Compatibility Guarantees
Within a major version, Plumego guarantees:
- Source compatibility
- Behavioral stability
- Documented semantics remain valid
If behavior diverges from documentation,
it is treated as a bug.
Documentation and Versioning
Documentation is versioned alongside code.
Rules:
- Reference reflects current version behavior
- Deprecated APIs are marked clearly
- Migration guides are written before release
- Changelogs reflect real impact, not marketing language
Undocumented changes are considered defects.

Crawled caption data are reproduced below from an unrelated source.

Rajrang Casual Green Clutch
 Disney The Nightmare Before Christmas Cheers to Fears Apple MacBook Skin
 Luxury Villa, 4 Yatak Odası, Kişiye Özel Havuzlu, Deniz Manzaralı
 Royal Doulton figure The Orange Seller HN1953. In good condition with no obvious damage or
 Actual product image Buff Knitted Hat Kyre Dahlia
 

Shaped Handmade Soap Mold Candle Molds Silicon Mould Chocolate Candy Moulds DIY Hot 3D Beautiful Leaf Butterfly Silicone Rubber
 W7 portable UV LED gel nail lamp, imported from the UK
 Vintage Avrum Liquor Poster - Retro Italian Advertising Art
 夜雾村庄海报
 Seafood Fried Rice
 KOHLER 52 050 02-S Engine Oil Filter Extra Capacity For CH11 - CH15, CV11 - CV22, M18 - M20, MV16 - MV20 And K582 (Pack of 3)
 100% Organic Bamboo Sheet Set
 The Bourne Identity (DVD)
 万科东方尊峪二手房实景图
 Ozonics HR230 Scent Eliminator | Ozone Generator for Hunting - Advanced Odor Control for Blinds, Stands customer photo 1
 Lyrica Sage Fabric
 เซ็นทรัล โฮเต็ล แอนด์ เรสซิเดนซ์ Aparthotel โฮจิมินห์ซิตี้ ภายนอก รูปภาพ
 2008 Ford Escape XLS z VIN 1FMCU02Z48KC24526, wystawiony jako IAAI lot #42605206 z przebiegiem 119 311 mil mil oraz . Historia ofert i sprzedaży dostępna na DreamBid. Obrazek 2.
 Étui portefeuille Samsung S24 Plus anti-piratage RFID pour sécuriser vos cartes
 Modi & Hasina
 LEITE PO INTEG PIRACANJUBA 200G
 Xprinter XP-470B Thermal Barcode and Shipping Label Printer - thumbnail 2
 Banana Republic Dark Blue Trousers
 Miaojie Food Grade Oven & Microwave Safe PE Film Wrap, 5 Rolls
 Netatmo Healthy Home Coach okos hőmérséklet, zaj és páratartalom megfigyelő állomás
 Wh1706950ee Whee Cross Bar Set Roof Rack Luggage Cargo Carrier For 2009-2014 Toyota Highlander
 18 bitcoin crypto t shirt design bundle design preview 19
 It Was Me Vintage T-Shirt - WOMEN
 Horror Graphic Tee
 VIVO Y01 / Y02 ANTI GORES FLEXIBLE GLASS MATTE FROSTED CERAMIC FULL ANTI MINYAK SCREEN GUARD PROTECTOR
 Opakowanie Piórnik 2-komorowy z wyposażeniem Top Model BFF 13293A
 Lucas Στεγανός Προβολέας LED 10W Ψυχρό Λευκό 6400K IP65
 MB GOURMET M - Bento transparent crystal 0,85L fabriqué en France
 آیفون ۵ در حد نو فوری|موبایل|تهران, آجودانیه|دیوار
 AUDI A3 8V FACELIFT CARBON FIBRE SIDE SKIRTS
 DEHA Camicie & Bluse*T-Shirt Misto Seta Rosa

Versioning and Ecosystem Packages
Optional companion packages follow the same principles,
but may evolve independently.
Constraints:
- Core versioning is authoritative
- Companion packages must document compatibility ranges
- Core stability is never compromised for ecosystem convenience
Pre-1.0 Versions (If Applicable)
If Plumego ever enters a 0.x.y phase:
- APIs may change more frequently
- Stability guarantees are reduced
- Documentation still reflects intent
However, once 1.0.0 is released,
all rules in this document apply fully.
Why Plumego Is Conservative About Versions
Frequent breaking changes:
- Increase cognitive load
- Break trust
- Force unnecessary rewrites
- Reward short-term experimentation over long-term use
Plumego optimizes for:
- Longevity
- Predictability
- Institutional memory
Version numbers are part of that contract.
Summary
Plumego versioning is built on restraint.
- Patch means safe
- Minor means additive
- Major means deliberate breakage
Nothing else is acceptable.
If Plumego ever violates this policy,
it has failed its users.
Related Roadmap Pages
- Roadmap Overview — long-term direction
- Design Principles — constraints on change
- Non-Goals — what will never be added
- Planned Features — possible evolution paths
Versioning is not about progress —
it is about keeping promises over time.